ブロックチェーンという技術は、仮想通貨に使われている技術と認識している方が多いと思いますが、ブロックチェーンの仕組みと構造まで理解している方は少ないかと思います。この記事では「ブロックチェーンの仕組み」について技術的な構造の部分までわかりやすく解説していきます。
この記事を読んでいただければ、ブロックチェーンの仕組みと構造を理解ができ、どのようなサービスに導入できるのか、将来どのようなことに使われるか、ブロックチェーンの将来性をイメージしやすくなるかと思います。
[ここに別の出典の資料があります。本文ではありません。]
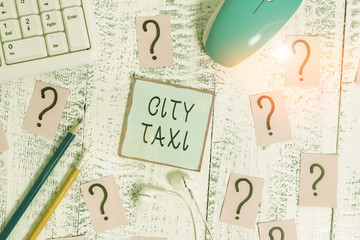 Word writing text City Taxi. Business photo showcasing type of vehicle for hire with a driver often...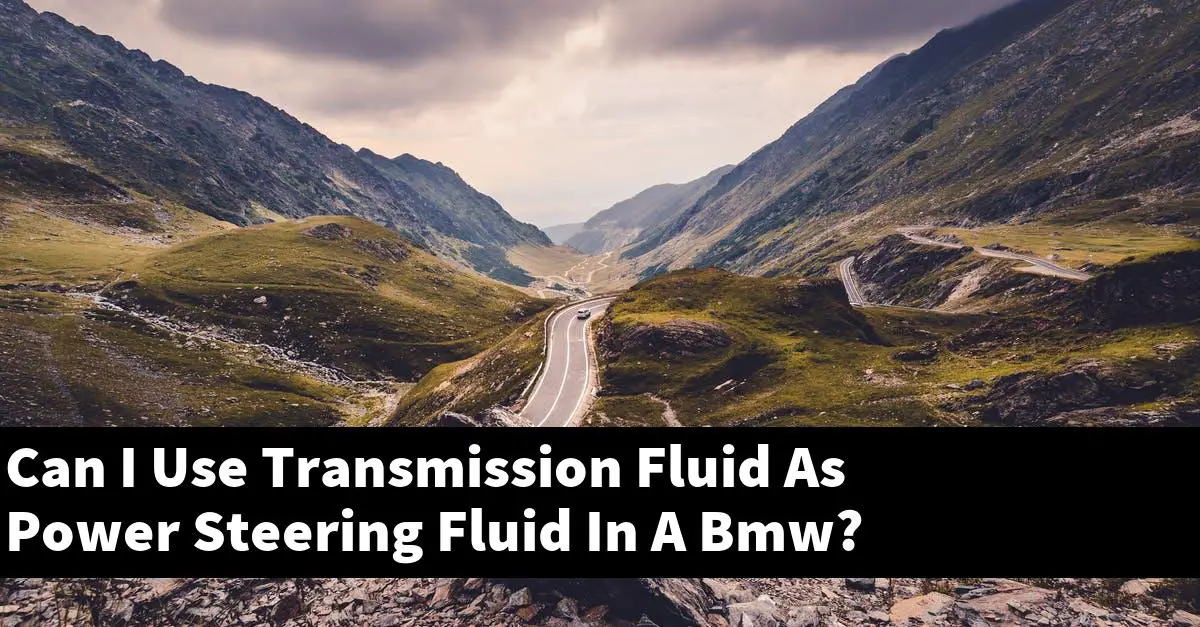Can I Use Transmission Fluid As Power Steering Fluid In A Bmw?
ブロックチェーンの仕組みと構造をわかりやすく解説いたします!
暗号資産(仮想通貨)の取引を行っている方は一度は耳にしたことがあると思われる「ブロックチェーン」という技術の仕組みを理解している方は少ないと思います。
ブロックチェーンを自社サービスとして導入したい!
など今後様々なサービスで需要が間違いなく高まっていく技術です。
ブロックチェーンの仕組みと構造を理解することにより、どうのようなサービスに導入できるかがイメージしやすいかと思います。
最後まで読んでいただけますと幸いです。
まず、ブロックチェーンの仕組みの前にブロックチェーンの概要も簡単にご紹介させていただきます。
そもそもブロックチェーンって何?
ブロックチェーンとは、「取引履歴を暗号技術によって過去の取引情報を箱に格納し1本の鎖でつなげ、正確な取引履歴を維持しようとする技術」とされています。
全てのノードでデータは共有されている為、破壊・改ざんが極めて難しいです。
障害によってひとつのノードがダウンしたとしても、データは参加者全てで管理しているため、データは壊れないですし、システムもダウンすることもないです。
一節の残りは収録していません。